Gus Yahya sering bercerita, di saat para perempuan di Amerika dilarang untuk terlibat dalam pemilihan umum (pemilu), Indonesia justru mengikutsertakan perempuan pada pemilu tahun 1955. Ini menandakan peradaban Indonesia lebih maju daripada Amerika karena tidak ada diskriminasi atas dasar gender.
Kemudian, di berbagai kesempatan, Gus Yahya selalu menjelaskan bahwa di dalam Muktamar Ke-13 NU di Menes pada tahun 1938, telah ada dua perempuan yang berpidato di depan para kiai.
“Artinya, NU sudah sangat progresif, Indonesia juga sudah sangat progresif pada zaman itu. Karena di Amerika sampai 1960-an, perempuan kulit hitam dilarang nyoblos (pemilu). Kalau naik bus, dia harus duduk di belakang,” jelas Savic.
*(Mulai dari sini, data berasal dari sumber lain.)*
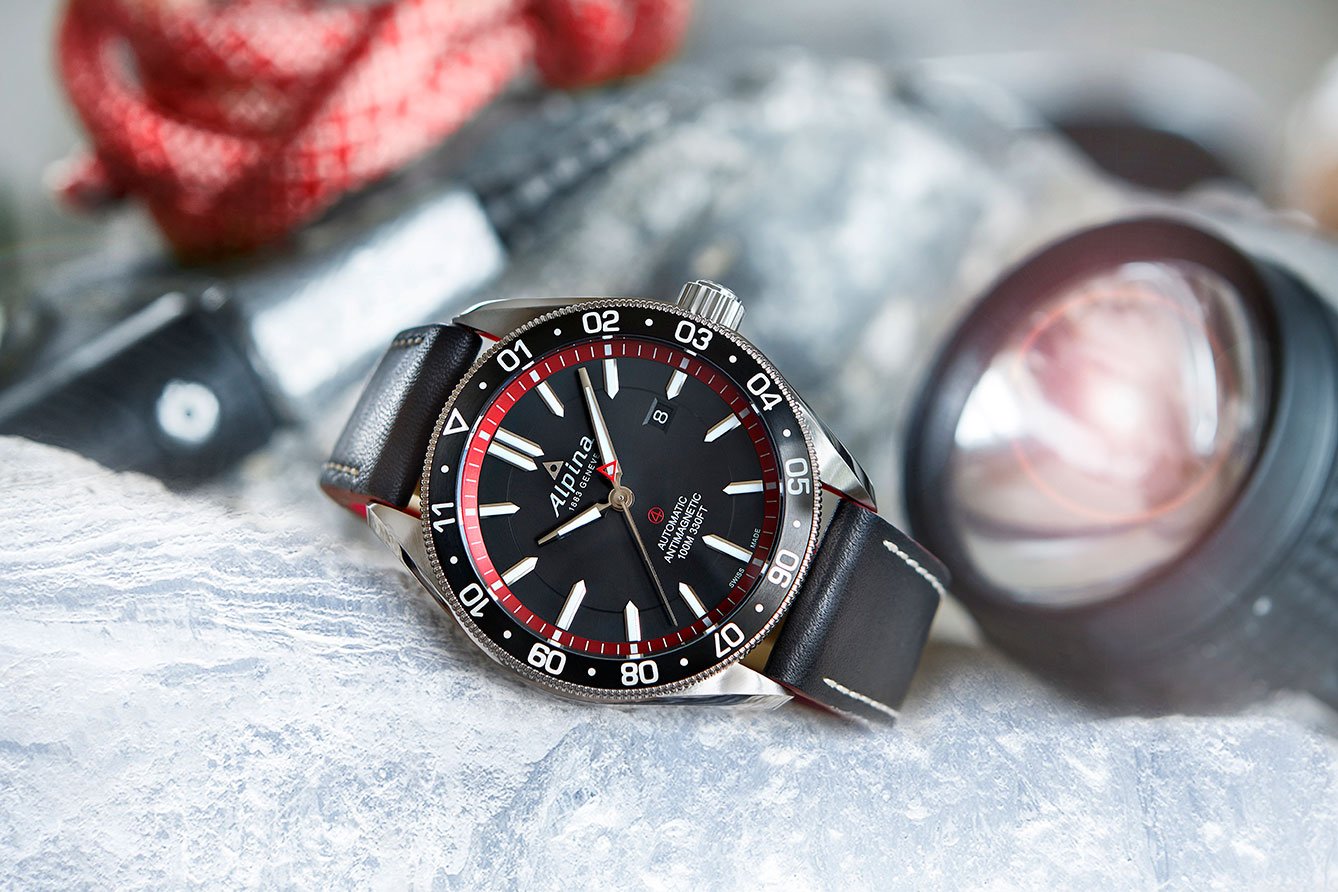 Alpiner 4 (Black-Red) | Alpina | Luby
“Orang kulit hitam ketika di bus, kemudian kalau ada orang kulit putih naik, dia harus berdiri dan memberikan kursinya kepada kulit putih. Itu tahun 1960-an, Amerika masih seperti itu yang mengklaim sebagai kampiun demokrasi. Sementara Indonesia pada pemilu 1955, semua orang dewasa sudah mencoblos,” ungkap Savic.
Menurut Savic, upaya Gus Yahya yang berkeliling dunia menemui para pemimpin agama dan negara merupakan sebuah langkah untuk berpartisipasi menciptakan perdamaian dunia yang menjadi amanat UUD 1945.
“Di Pembukaan UUD 1945, bagian tugas kita adalah menciptakan perdamaian dunia. Gus Yahya berusaha melakukan itu. Tetapi harus diakui, landasan fiqih di NU belum kuat. Makanya kita harus membicarakannya (melalui Halaqah Fiqih Peradaban),” ungkap Savic Ali.